Rename this file before you work on it!

Pandas Exercise

Use the Adventure Works dataset to create the following reports. The dataset is availablt for download in it's original format at https://msdn.microsoft.com/en-us/library/hh403424.aspx (follow instructions to download).

Task

  1. write the Python Pandas expression to produce a table as described in the problem statements.
  2. The SQL expression may give you a hint. It also allows you to see both systems side-by-side.
  3. If you don't know SQL just ignore the SQL code.

In [1]:
import pandas as pd
import numpy as np

In [3]:
%%time
Empoyees = pd.read_excel('/home/data/AdventureWorks/Employees.xls')


CPU times: user 69.4 ms, sys: 1.73 ms, total: 71.2 ms
Wall time: 69.8 ms

In [4]:
%%time
Territory = pd.read_excel('/home/data/AdventureWorks/SalesTerritory.xls')


CPU times: user 8.81 ms, sys: 4.56 ms, total: 13.4 ms
Wall time: 12.5 ms

In [5]:
%%time
Customers = pd.read_excel('/home/data/AdventureWorks/Customers.xls')


CPU times: user 8.05 ms, sys: 3.07 ms, total: 11.1 ms
Wall time: 10.3 ms

In [6]:
%%time
Orders = pd.read_excel('/home/data/AdventureWorks/ItemsOrdered.xls')


CPU times: user 11.2 ms, sys: 438 µs, total: 11.7 ms
Wall time: 10.3 ms

Filtering (with)

1. Provide a list of employees that are married.

SELECT e.EmployeeID, e.FirstName, e.LastName FROM dbo.Employees AS e WHERE e.MaritalStatus = 'M';

In [ ]:

2a. Show me a list of employees that have a lastname that begins with "R".

SELECT e.EmployeeID, e.FirstName, e.LastName FROM dbo.Employees AS e WHERE e.LastName LIKE 'R%';

In [ ]:

2b. Show me a list of employees that have a lastname that ends with "r"

SELECT e.EmployeeID, e.FirstName, e.LastName FROM dbo.Employees AS e WHERE e.LastName LIKE '%r';

In [ ]:

2c. Provide a list of employees that have a hyphenated lastname.

SELECT e.EmployeeID, e.FirstName, e.LastName FROM dbo.Employees AS e WHERE e.LastName LIKE '%-%';

In [ ]:

3a. Provide a list of employees that are on salary and have more than 35 vacation hours left.

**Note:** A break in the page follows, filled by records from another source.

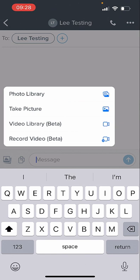So again, in the Follow-Up Boss mobile app, find the contact you want to text, click on the text button, and that will bring you to these options to be able to insert a picture or a video.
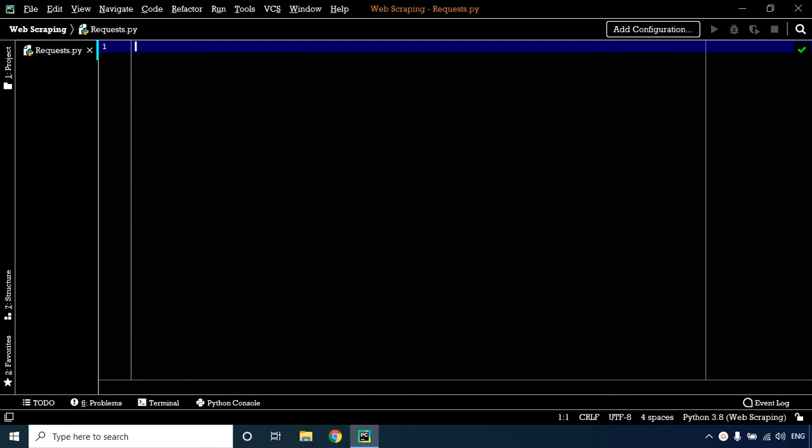Welcome back! Let's learn about the requests library. The Python requests module has several built-in methods to make HTTP requests to a specified URL using GET, POST, PUT, PATCH, or HEAD requests.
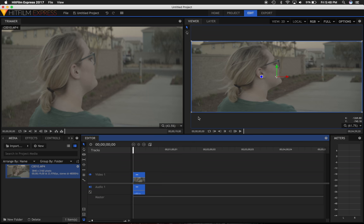And now my footage has been stretched to fit the wider aspect ratio, and I can continue editing, dropping in more clips, and then transforming them as I go or transforming them at the end, and export my project.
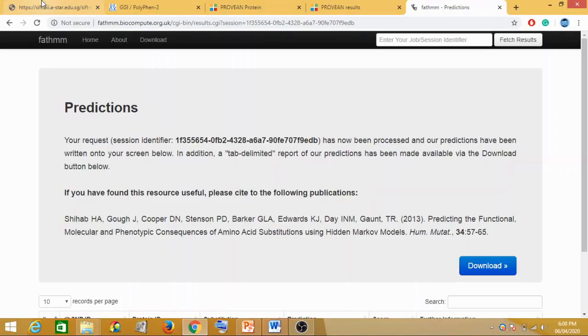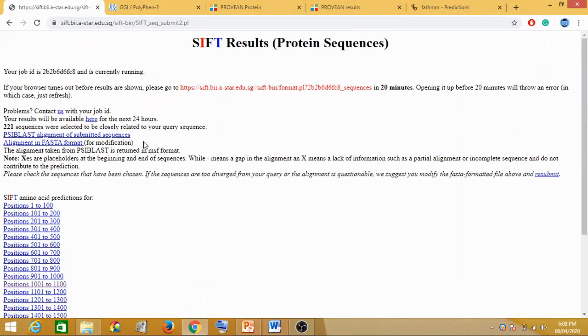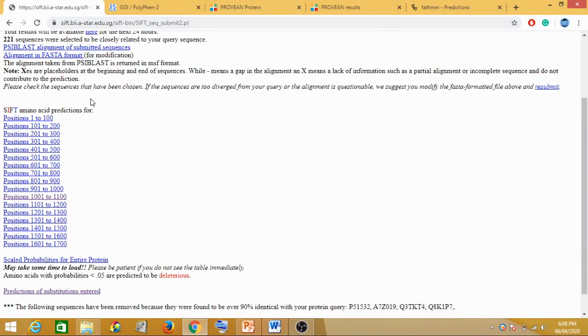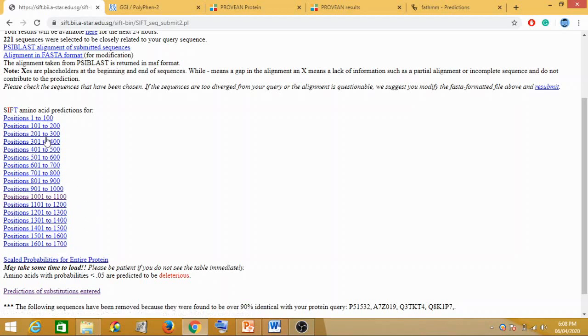Let's now check the result for all four tools. Once you click on submit, SIFT results appear. Now let's analyze this SIFT amino acid predictions from 1001 to 1700, so the sequence we entered was 1700 bases long. From this entire thing, we need to find the position where our mutation was, which was 1036.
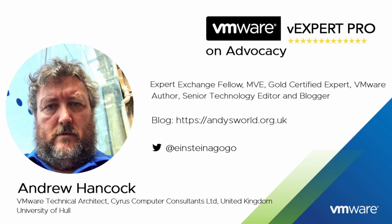How do? My name is Andrew Hancock and I am a VMware Technical Architect from Yorkshire in the United Kingdom.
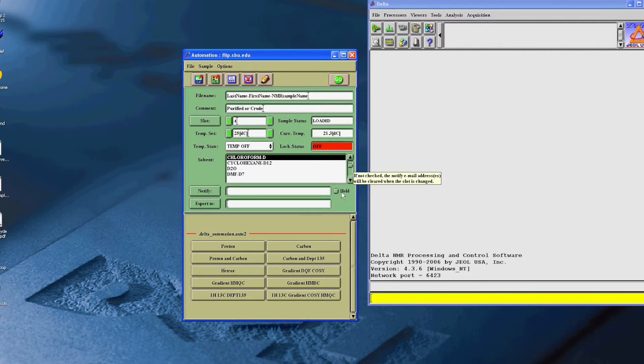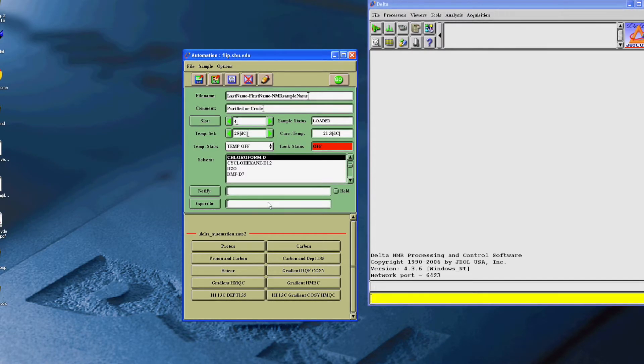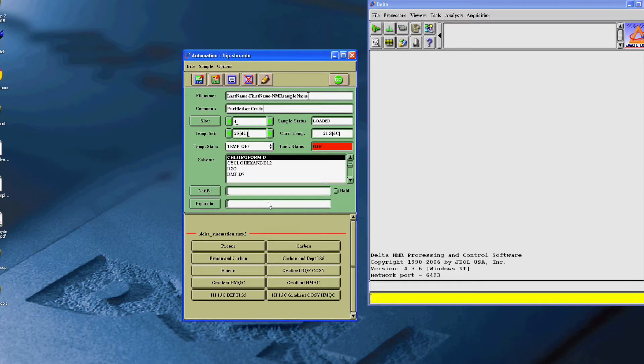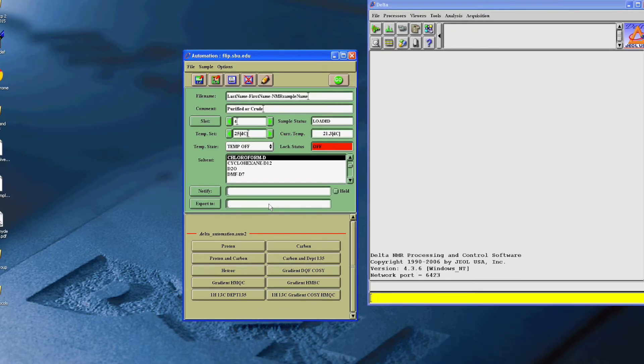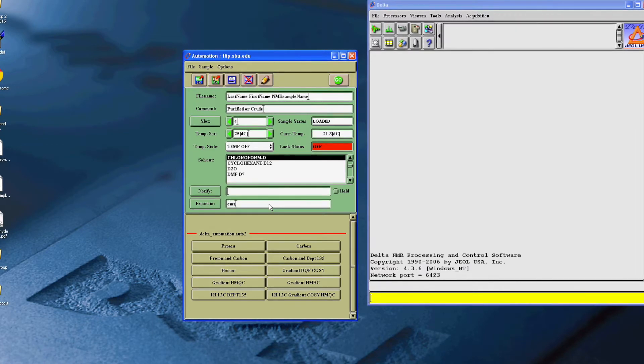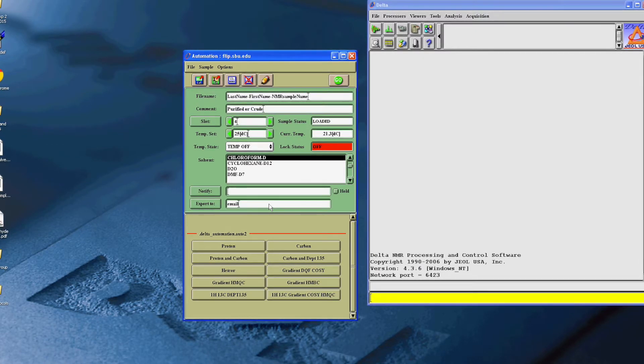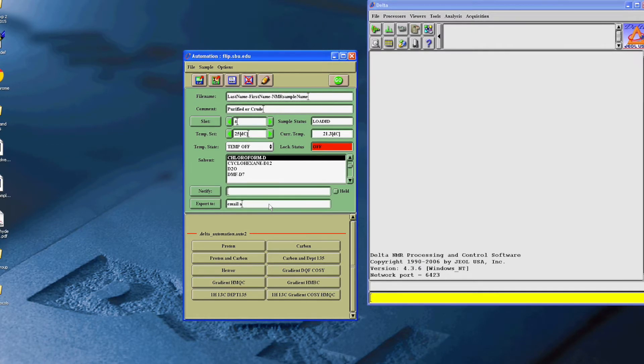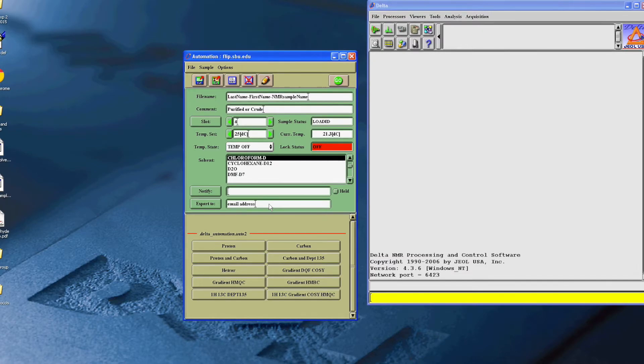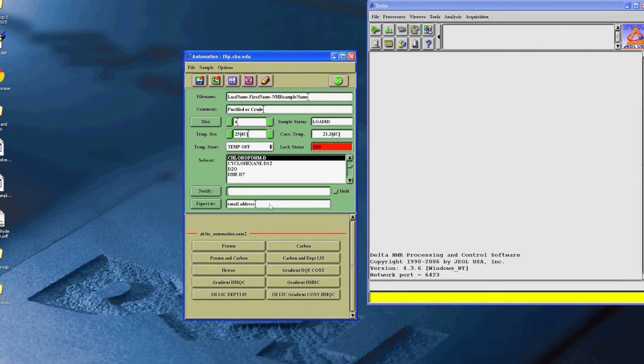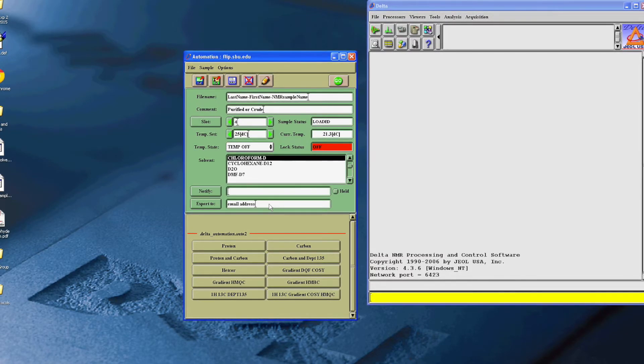And then, make sure in the Export To line, you type in your email address. If you don't type it in this line, you won't get your results after the NMR is completed. Again, make sure it's in the Export To line and type in your email address.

SELECT e.EmployeeID ,e.FirstName ,e.LastName ,e.VacationHours ,e.SalariedFlag FROM dbo.Employees AS e WHERE (e.SalariedFlag = 1) AND (e.VacationHours > 35);

In [ ]:

3b. Show the same as above but limit it to American employees.

SELECT DISTINCT CountryName FROM dbo.Employees; SELECT e.EmployeeID ,e.FirstName ,e.LastName ,e.VacationHours ,e.SalariedFlag ,e.CountryName FROM dbo.Employees AS e WHERE (e.SalariedFlag = 1) AND (e.VacationHours > 5) AND e.CountryName = 'United States';

In [ ]:

3c. Show the same as above but limit it to non-American employees.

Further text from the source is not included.